Recursion Is Its Own Reward
as well as its own punishment.
Unfortunately, on some sites, images you upload get converted to .jpg, regardless of their original format, so this little trick didn’t work out here and downloading it won’t result in a file you can play with.
So, I’ll just have to explain what it’s all about here …
The premise of this technique is to append a .zip file to the end of a .gif file, resulting in a file which is readable by both image manipulation programs and archiving programs.
It works because .gif files keep all of their information in the headers, while .zip files keep them in the footer.

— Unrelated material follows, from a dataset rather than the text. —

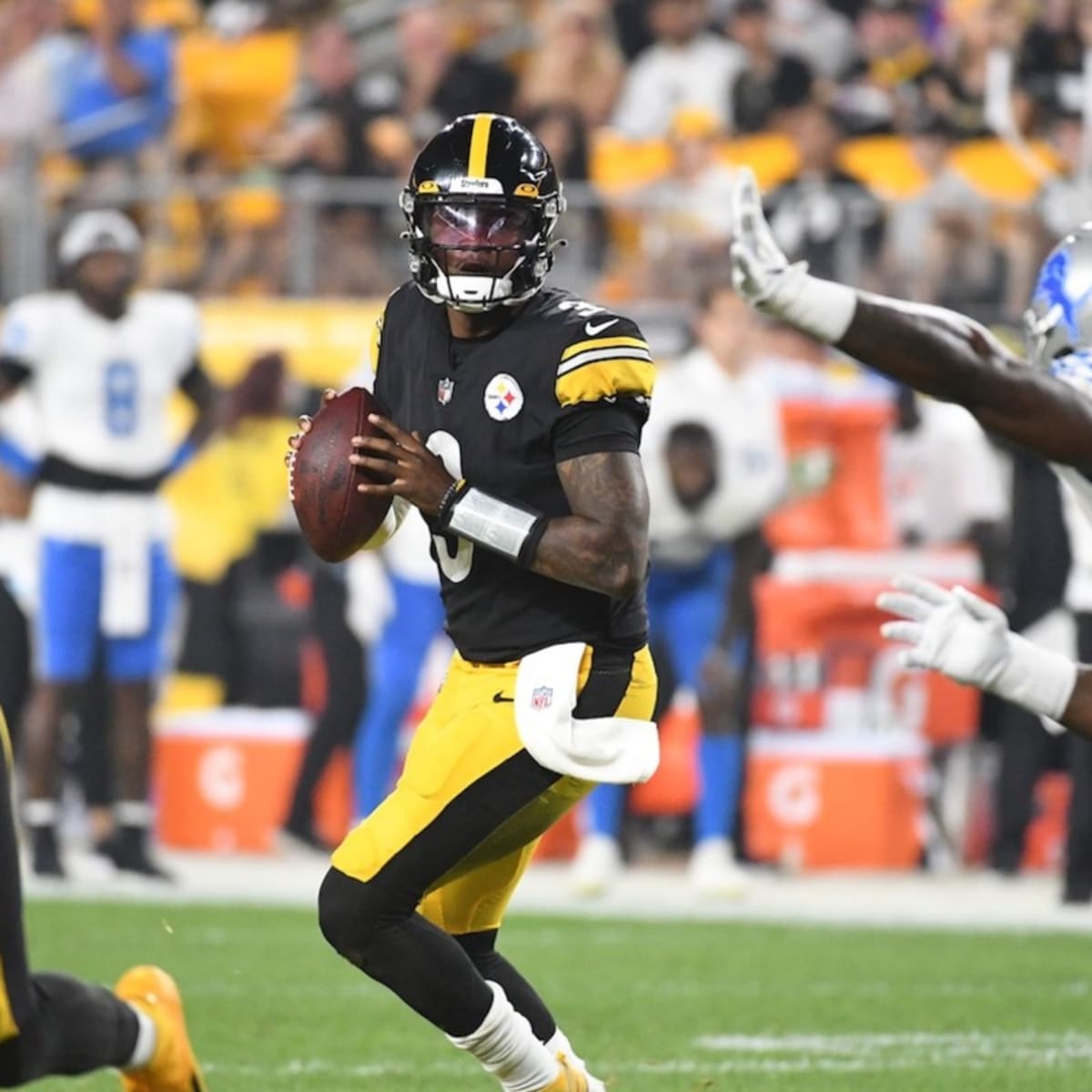 Dwayne Haskins struggles mightily in Steelers preseason loss vs Panthers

Since that’s the case, .gif viewers read from the front of the file, while .zip readers read from the end.
Here’s how to combine your .gif and .zip.
At the Windows prompt use this command: copy /B source.gif+source.zip target.gif — or under Linux/Mac OS: cat somefile.zip >> somefile.gif
The problem with this method is that not all zip programs can extract the resulting file, but WinRAR handles it just fine.
If you were able to download the original .gif and open it with WinRAR, you would find a text file ‘hidden’ inside.
The content of that text file is:
There’s any number of great ways to hide data from prying eyes — TrueCrypt, anyone?
But if you want to simply hide some text data inside a secret “compartment”, you can abuse the Alternate Data Streams feature in the underlying NTFS file system.
All you have to do is open up a command prompt, and then use a command similar to this:
more < SomeFile.txt:SecretWordHere.txt
The special filename with the colon and second filename tells NTFS to actually store the data in an alternate stream, instead of the regular file.
You can put whatever you want into the file, and nobody will be able to access it unless they know the command to retrieve it.
If you look at the .gif as an image, you’ll see that it’s showing you how to do precisely that.
So, the result of it all was a set of instructions hidden in the .gif by means of a recursive (or self-referential) process that is, quite literally, staring you in the face before you even get at the content — all the content is is an explanation of what it is that you are looking at.
The image is, thus, a container for itself, if you will, and getting at the content the reward for reverse-engineering the process.
Recursion is, therefore … in this instance … quite literally its own reward.
And it’s not just fun, but educational too.